The idea is that courageous people will take action where beneficial even in the face of fear and it is also emphasized that recklessness will tend to lead to harm, which distinguishes courage from fearlessness. An honest person will generally speak the truth without succumbing to the temptation to micromanage an assortment of (white) lies aiming for higher utility. A just person will seek out win-win situations and will be reluctant to receive boon at someone else’s expense. A superb virtue is phronesis (prudence or practical wisdom): good judgment in determining how to act and what is needed for a good life (eudaimonia). Apparently, Socrates claimed that the only fundamental virtue is knowledge and that the rest will follow. You can consult some lists on Wikipedia here and here. According to Alasdair MacIntyre in After Virtue, Aristotle claimed one needs to possess all of the primary virtues to be truly virtuous of character as they mutually support each other.

There is no claim that a virtuous person will obtain the best possible result as is the goal in consequentialism (despite the fact that in practice one must satisfice). Nor are there hard-and-fast rules that, say, a truthful person must literally always say the truth as there may be under deontology. Being able to practically cope with the fuzzy edge cases and difficult situations is itself a virtue to be developed!

Virtue ethics is a decentralized protocol that works best when everyone is on the same page. When most beings in a society agree on the virtuous character traits and can trust every member is trying to live by them, then the hypothesis is that on the whole the values of members in this society will be more ongoingly fulfilled. And in the Western culture I’m familiar with, creativity, diversity, and independence of thought are all valued, which may serve to counterbalance a tendency toward a homogeneous society where everyone agrees on everything. I’d postulate along with Logan that a good top-level value for society is diversity of phenomenological experience.
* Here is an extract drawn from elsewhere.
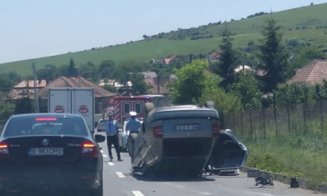 Accident cu răniți în Vâlcele. O mașină s-a dat peste cap. Trafic îngreunat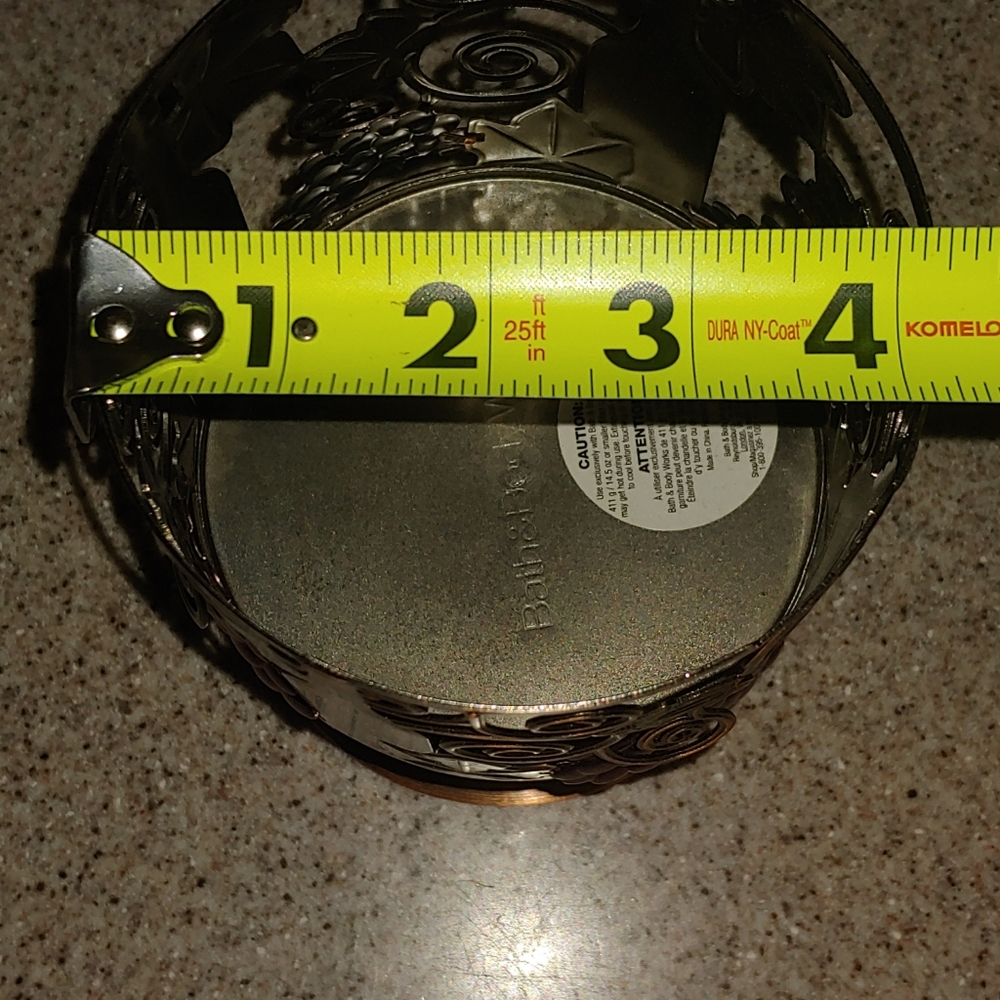 Like New Bath & Body Works Candle Holder - Picture 4 of 5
An important concept mentioned in After Virtue is that virtues as character traits need to align with what one truly wants to do. That is, I am not honest because I believe that “a good person must be honest” but because I authentically, plain and simply want to tell the truth. Thus once a virtue is sculpted into one’s character, it’s low-maintenance. This serves to distinguish virtues from rules.
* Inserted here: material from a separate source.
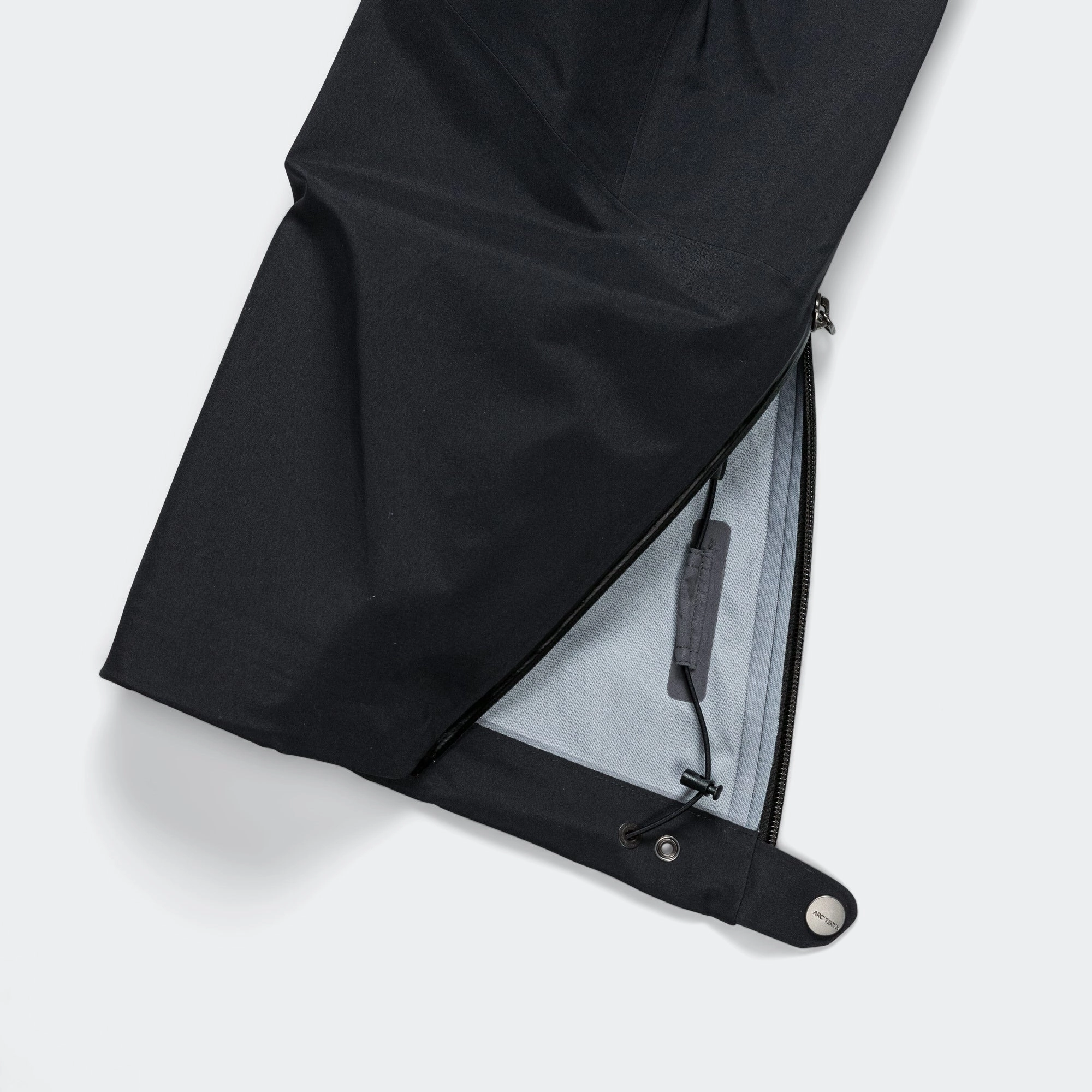 Sustainable Material Blend Beta Pant - Black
My stance is that all three of these paradigms have their perks and it’s misguided to expect one to be superior in all situations.

How might this look from the computational perspective? Sometimes one can clearly specify a problem and solution with rules and programmatic precision, such as exact algorithms for sorting numbers (e.g., \(\{2,3,1\} \mapsto \{1,2,3\}\)). Watching sorting algorithms at play can be quite fun and illustrative. There’s no need for a consequentialist specification of the highest good where each action is judged according to how it contributes to sorting the list. The virtue of modesty and humility may apply here: each number \(x\) should know its place without trying to place itself above a number it’s not (imagine \(3\) getting cocky and thinking it’s bigger than \(666\)!) and without believing itself to be less than it is. Thus the numbers, when virtuous, will sort themselves without recourse to rules or calculating the consequences of each re-arrangement. In this toy example, all paradigms can work albeit in rather different ways.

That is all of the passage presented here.